Beim Lesen der Erzählung klingt es schon etwas verblüffend: keiner der Gefangenen nützt seine Freiheit. Sie bleiben alle brav im Gefängnis sitzen, so als hätten sie die neue Freiheit gar nicht nötig. Wie ist das möglich? Warum fliehen sie denn nicht und ergreifen die Chance? Aber bei genauerem Hinsehen wird klar: Die eigentlichen Gefangenen in dieser Geschichte sind gar nicht die Inhaftierten. Der eigentlich Gefangene, das ist der Gefängniswärter. Er meint, er sei frei und habe die Macht über Paulus und Silas. Aber er lebt in einer Art Scheinfreiheit, er ist nur ein Werkzeug in den Händen seiner Machthaber. Trotz äußerer Freiheit ist er innerlich ein Gefangener.
Und wie ist das mit uns? Kennen wir diese Seite auch in unserem Leben? Worin sind wir gefangen, unfrei, abhängig? Sind es wirtschaftliche Zwänge oder die Abhängigkeit vom Wohlwollen anderer? Ist es äußerer Termindruck oder innere Anspannung und Druck, den wir uns selbst machen? Sind es Süchte, Zwänge oder Ängste? Was hindert uns an der Entfaltung unseres Lebens? Und: Was schenkt uns wirkliche Freiheit? Gerade da können uns Paulus und Silas ein Vorbild sein. Sie sitzen im Gefängnis. Aber trotzdem kann niemand ihnen ihre Freiheit nehmen. Ob gebunden oder nicht, sie sind innerlich frei, weil sie Gott gehören: Sie singen das Lied der Freiheit mitten in den Kerkermauern. Mit dem Osterlied auf den Lippen können sie alles überwinden. So wird uns heute Mut gemacht, die österliche Kraft im eigenen Leben zu entdecken. Das Vertrauen auf Gott zu setzen, ihn zu loben und ihm zu singen – auch wenn uns vielleicht noch nicht danach zumute ist.
„Glaube ist wie ein Vogel, welcher singt, wenn die Nacht noch dunkel ist“, sagt ein Sprichwort.
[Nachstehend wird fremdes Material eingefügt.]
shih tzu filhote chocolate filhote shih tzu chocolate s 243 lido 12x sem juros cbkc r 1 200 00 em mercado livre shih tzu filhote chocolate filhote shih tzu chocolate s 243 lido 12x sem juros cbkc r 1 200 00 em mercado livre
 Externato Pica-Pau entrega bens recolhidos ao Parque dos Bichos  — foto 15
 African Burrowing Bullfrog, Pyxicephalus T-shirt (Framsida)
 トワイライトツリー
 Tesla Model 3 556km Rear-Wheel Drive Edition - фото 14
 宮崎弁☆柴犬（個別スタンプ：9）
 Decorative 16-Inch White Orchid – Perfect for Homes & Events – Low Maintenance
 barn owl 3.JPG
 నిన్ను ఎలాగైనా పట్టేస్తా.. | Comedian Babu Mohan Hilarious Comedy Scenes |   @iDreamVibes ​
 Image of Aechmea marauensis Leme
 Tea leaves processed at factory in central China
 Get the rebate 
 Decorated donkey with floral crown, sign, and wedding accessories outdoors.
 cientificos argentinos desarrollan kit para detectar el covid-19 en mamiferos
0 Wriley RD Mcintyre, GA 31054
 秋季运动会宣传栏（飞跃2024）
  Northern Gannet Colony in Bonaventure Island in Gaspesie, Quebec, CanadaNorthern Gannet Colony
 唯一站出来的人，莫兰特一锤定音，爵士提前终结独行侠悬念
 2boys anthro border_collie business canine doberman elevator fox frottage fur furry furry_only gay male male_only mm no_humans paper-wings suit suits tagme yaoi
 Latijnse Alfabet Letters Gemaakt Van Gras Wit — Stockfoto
Lassen wir uns anstecken von dem Lied der Freiheit, stimmen wir ein in den Osterjubel, auch wenn die Welt noch dunkel ist. Gott kann Gefängnisse aufbrechen, auch die Gefängnisse der Trauer, der Angst, der Hoffnungslosigkeit. Egal, wo wir sind: Gott hat uns ein neues Leben geschenkt, das uns frei macht für ihn. Amen.